Theologian Miroslav VolfDAVID: Right now, we’re talking about Christianity, which is the faith of a majority of Americans. But there’s a truth you’re describing here that goes beyond Christianity. At its best, religion calls people to care for others—even to take risks in support of each other. We’ve seen that in Egypt and in other similar democratic movements—and a lot of those men and women are Muslim.

GREG: We live in a world that connects people in ways we’ve never seen before. It’s becoming almost impossible to sit back, isolated in our own little world. When we do stick our head out the door, we realize that, to live in this world, we need a living faith that speaks to us and speaks to our relationships with other people. If we look at this wave of revolutions right now, we see people who are endangering their own lives in the belief that: This world is clearly not just about “me.”

That’s what I mean when I say: Being a person of faith calls us out into the larger world and calls us to do things for other people. It calls us to do things that are scary. That’s been my experience of faith. The amazing thing is that, through faith, I find that I am capable of doing things that, relying only my own strength, I wouldn’t be capable of.

DAVID: I’m impressed that the final chapter of your new book is titled: Living in a Multifaith World. This could have been a very exclusive book—just about living as Christians. But you close the book with a vision of diversity in our world.
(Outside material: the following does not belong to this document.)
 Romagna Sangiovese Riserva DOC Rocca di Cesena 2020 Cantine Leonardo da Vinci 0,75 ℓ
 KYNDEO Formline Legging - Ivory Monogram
GREG: To my own surprise, I’m discovering that being a faithful person is a necessary part of how I react to people of other faiths. The good, secular-liberal approach I took earlier in my life suggested that we all should pull back parts of ourselves to engage with other people. Then, I read Abraham Joshua Heschel, telling us that the first requirement of interfaith interaction is—faith. Miroslav Volf talks about projecting love instead of anger; he talks about reaching out without fear toward others. What I’ve found is that, if we are faithful ourselves, then it becomes possible to reach out in this way. When Philip Newell leads a class along with a rabbi and a Muslim leader, it’s not that anybody stops being who they are. They all bring forward things from their traditions that enrich us all.

In this last chapter of my book, I’m wrestling with something that I’ll be wrestling with in another book down the road. We all need to learn how to live with real faith in a complicated, confusing, diverse world. My Christianity makes it possible for me to love people who are different from me. If we can’t achieve that, then our default in this world will be fear.
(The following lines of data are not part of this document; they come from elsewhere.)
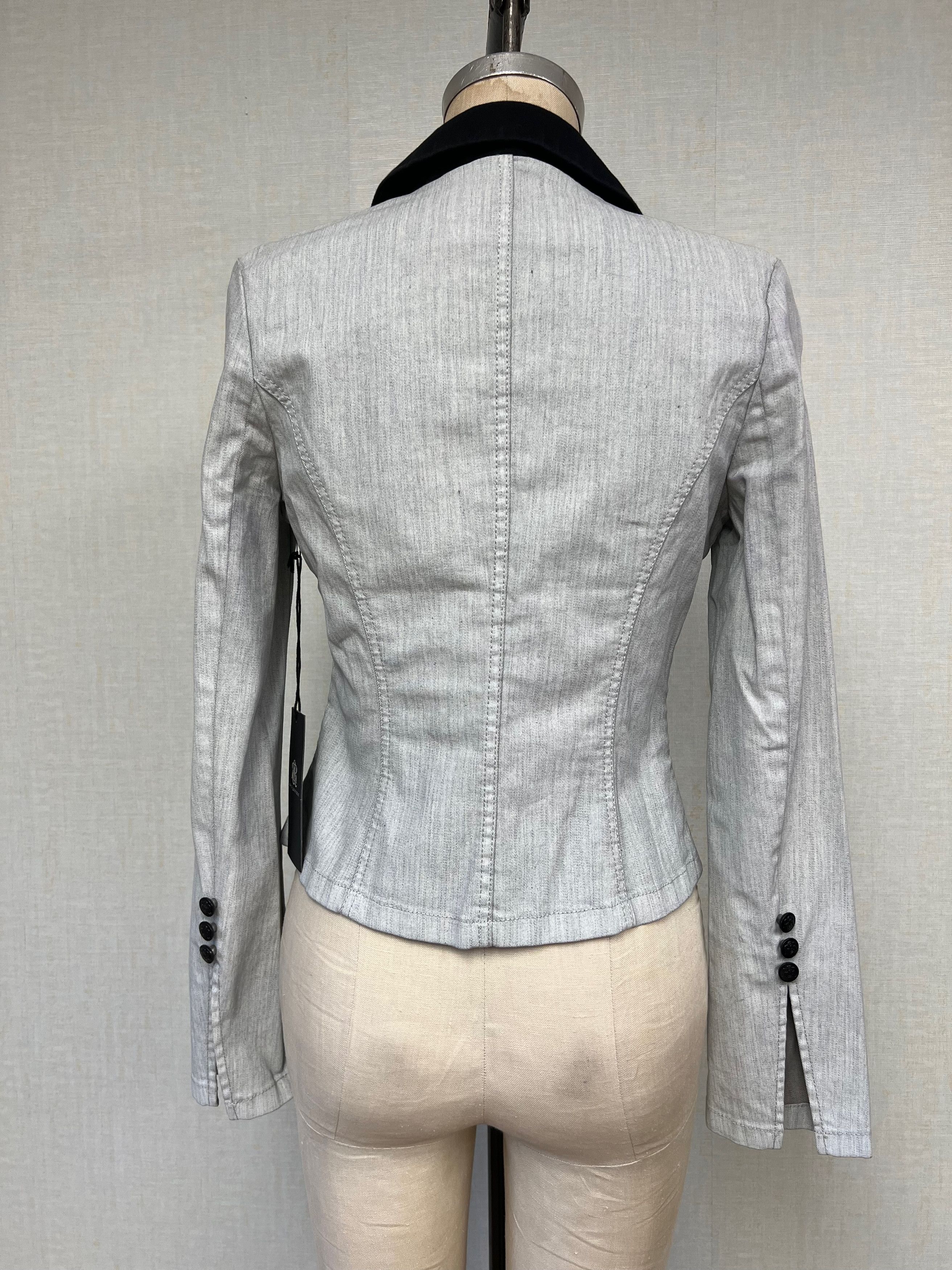 Rock & Republic NWT 2000s Rock & Republic Denim Cropped Dinner Jacket Size 6 Size M / US 6-8 / IT 42-44 - 5 Thumbnail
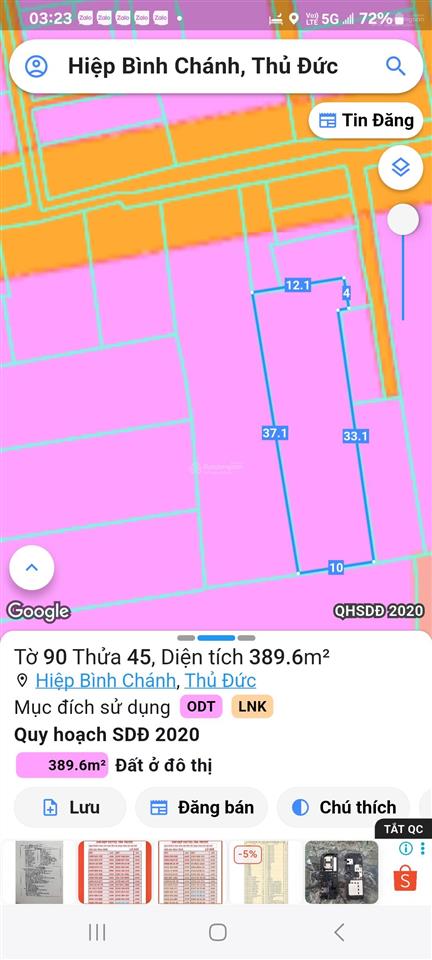 Giá bán gấp lô đất 400 m2 (10x40) shr đường số 12, phường hiệp bình chánh thủ đức tp. hcm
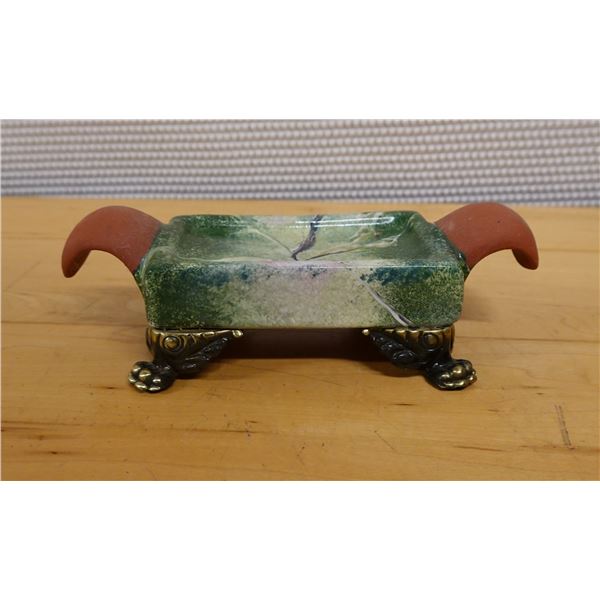 Mackenzie Childs Evervolving Ceramic Footed Tray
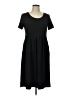 Unbranded Solid Black Casual Dress Size L - photo 1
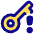 Key Access Vpn Alert Icon from Plump Pop Set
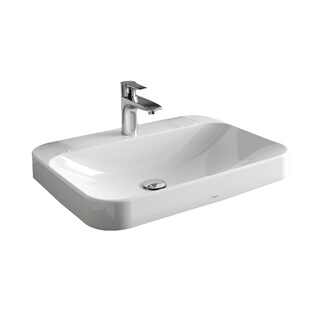 TOTO台上盆LW5615B/5616CB家用桌上式智洁单孔洗脸洗手面盆 (07)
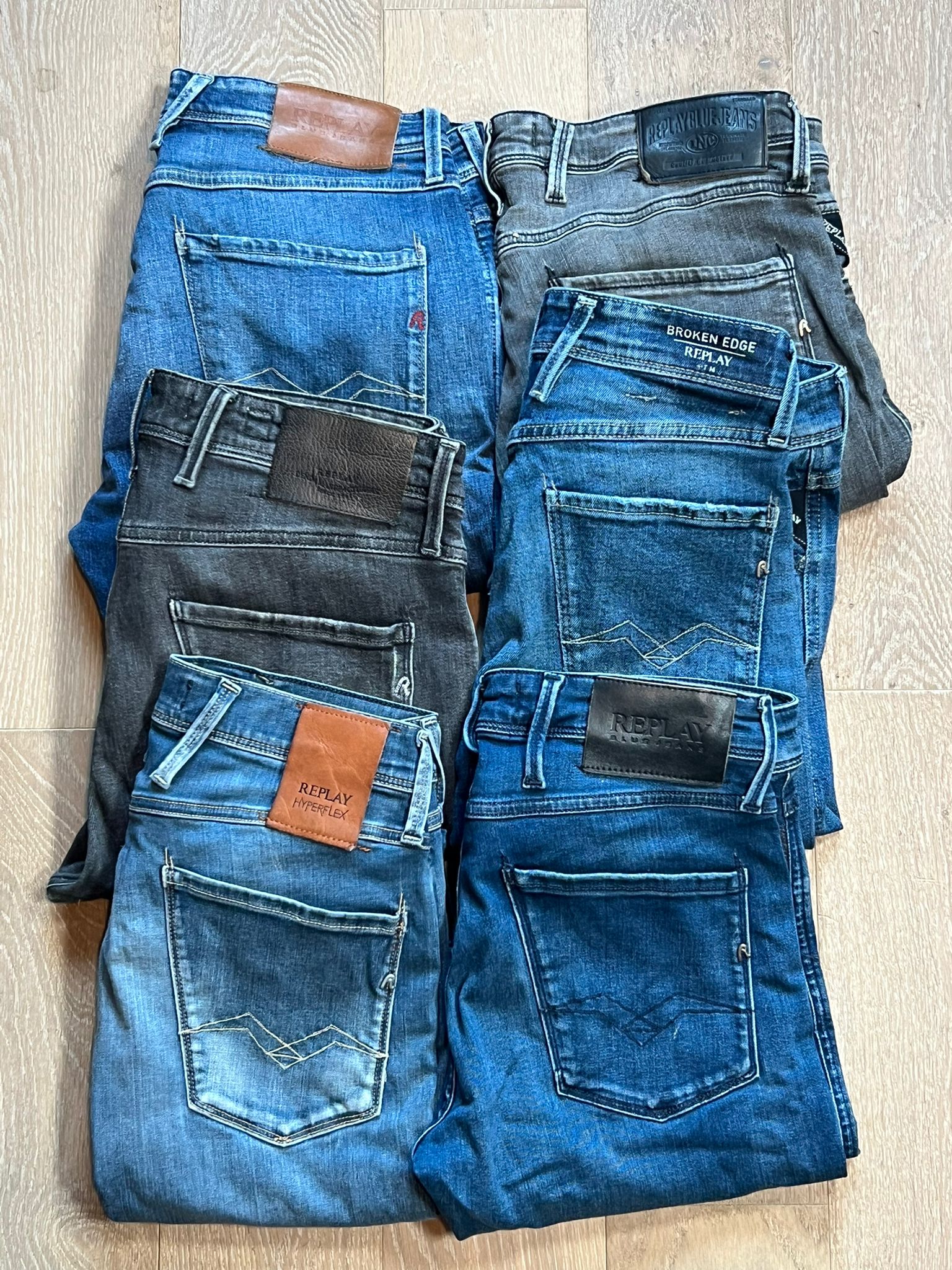 Replay Anbass Jeans Bulk x6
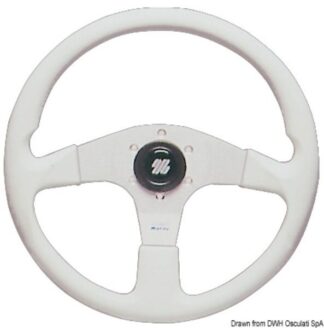 Volante Corsica bianco 350 mm - 45.383.34 Osculati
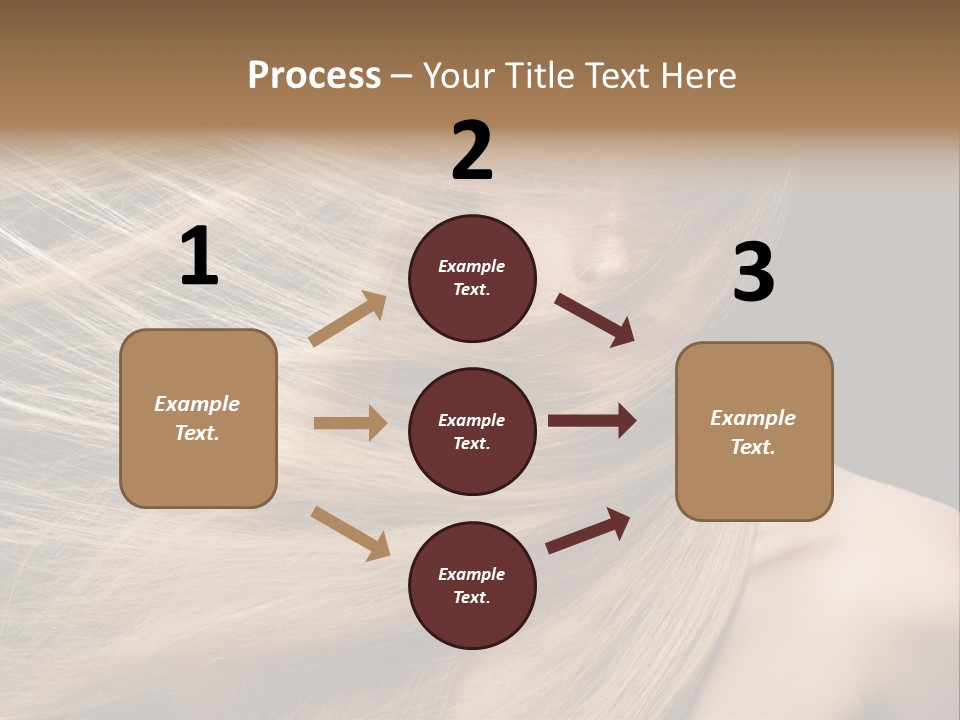 Haircare Model Skin PowerPoint Template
DAVID: Somber words! Do you find hope in what you’re describing?

GREG: There are two places where we can go when things start to change as dramatically as they’re changing all around us. I’m a writer and everything I thought I understood about writing and publishing is changing. It’s changing for everyone at ReadTheSpirit, too. I have a coffee mug with a Chinese ideogram for “crisis.” I’m told that this ideogram is made up of two other characters, the ideograms for danger and for opportunity. When the world moves toward crisis, the secular part of us reacts more to the danger and I believe it’s the faithful part of us that reacts more to the opportunity. That’s what I’m trying to live out as the world changes all around us. We have the opportunity to be the faithful people of God—at a time when people need that now more than ever. That’s what’s truly exciting about living today.